5:30 p.m. CST Monday, March 1, 2011
Mission Control Center, Houston, Texas
STS-133 MCC Status Report #11
HOUSTON – The International Space Station has a new room, filled with equipment, supplies and a new device that could be a precursor of spacewalking robots. The room was christened at 5:17 pm when the hatch was opened and Expedition 26 Commander Scott Kelly was first to enter.

The Permanent Multipurpose Module Leonardo was installed on the Earth-facing port of the station’s Unity node Tuesday at 9:05 a.m. If it had windows, it would be a room with a heck of a view.

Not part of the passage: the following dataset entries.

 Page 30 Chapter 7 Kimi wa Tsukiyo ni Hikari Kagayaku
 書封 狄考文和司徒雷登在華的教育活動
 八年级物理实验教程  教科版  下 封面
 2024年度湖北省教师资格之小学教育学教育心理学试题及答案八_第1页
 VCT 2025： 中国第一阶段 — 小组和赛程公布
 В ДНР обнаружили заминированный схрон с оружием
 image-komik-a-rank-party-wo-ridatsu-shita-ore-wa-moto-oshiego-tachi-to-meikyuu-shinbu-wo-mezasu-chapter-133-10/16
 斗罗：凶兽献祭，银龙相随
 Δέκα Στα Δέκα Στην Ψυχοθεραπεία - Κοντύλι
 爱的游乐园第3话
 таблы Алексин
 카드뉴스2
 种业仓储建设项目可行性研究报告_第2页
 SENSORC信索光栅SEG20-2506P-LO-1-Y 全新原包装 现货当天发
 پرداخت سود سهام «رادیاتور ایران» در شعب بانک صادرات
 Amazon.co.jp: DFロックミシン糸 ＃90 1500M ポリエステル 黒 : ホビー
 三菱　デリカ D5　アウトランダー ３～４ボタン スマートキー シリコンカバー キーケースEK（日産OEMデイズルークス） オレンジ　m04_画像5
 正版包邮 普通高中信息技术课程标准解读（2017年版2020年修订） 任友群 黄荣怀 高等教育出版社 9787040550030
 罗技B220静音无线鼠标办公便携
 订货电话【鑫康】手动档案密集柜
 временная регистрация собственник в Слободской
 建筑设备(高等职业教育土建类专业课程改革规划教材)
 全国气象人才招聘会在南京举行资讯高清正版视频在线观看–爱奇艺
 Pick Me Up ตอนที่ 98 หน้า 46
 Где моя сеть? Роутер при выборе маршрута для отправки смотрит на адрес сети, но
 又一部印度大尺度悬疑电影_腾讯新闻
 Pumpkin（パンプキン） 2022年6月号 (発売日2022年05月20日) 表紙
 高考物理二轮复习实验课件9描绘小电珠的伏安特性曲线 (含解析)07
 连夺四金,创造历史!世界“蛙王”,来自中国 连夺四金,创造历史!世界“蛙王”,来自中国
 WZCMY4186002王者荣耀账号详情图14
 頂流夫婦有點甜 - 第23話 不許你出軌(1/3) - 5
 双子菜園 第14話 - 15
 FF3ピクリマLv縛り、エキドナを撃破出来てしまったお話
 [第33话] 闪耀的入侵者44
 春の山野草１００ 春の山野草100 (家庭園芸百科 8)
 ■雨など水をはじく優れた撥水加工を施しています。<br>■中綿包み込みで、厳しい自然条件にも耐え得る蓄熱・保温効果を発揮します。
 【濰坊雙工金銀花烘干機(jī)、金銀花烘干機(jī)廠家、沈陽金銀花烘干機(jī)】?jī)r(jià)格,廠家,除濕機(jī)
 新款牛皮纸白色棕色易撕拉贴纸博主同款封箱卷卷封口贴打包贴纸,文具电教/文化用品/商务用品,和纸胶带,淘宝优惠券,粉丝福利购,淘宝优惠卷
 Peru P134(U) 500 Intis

The PMM adds 2,472 cubic feet of pressurized storage space to the station. It also brings to the station, in addition to a humanoid robot called Robonaut 2, a payload of about 28,000 pounds. It includes an express rack capable of housing a variety of scientific experiments, five resupply stowage racks, six resupply stowage platforms and two integrated stowage platforms.

The new module was unberthed from Discovery’s cargo bay at 7:26 a.m. by the station’s arm. Mission Specialists Michael Barratt and Nicole Stott used arm controls in the station’s cupola. The module had made seven previous visits as a cargo carrier.

One of three such carriers built in Italy under contract to the Italian Space Agency, its conversion to a permanent module included adding shielding and rewiring.

Preparations for Wednesday’s spacewalk by Mission Specialists Steve Bowen and Al Drew included tool configuration and a spacewalk procedures review by eight of the shuttle and station crew members. The spacewalkers were to begin the standard campout in the Quest airlock at 6:48 p.m.

Barratt, Stott, shuttle Commander Steve Lindsey and station Commander Scott Kelly talked with media representatives from KTRK-TV of Houston and KING-TV and KOMO-TV, both of Seattle, at 3:23 p.m.

Commanders of both spacecraft were told about 10:15 a.m. that a proposed Soyuz flight at the station would not take place. Discovery will still get an extra day at the station, to be used for PMM outfitting. Landing is now scheduled for 10:36 a.m. Tuesday, March 8. Transfer work continued Tuesday, and is now about 60 percent complete.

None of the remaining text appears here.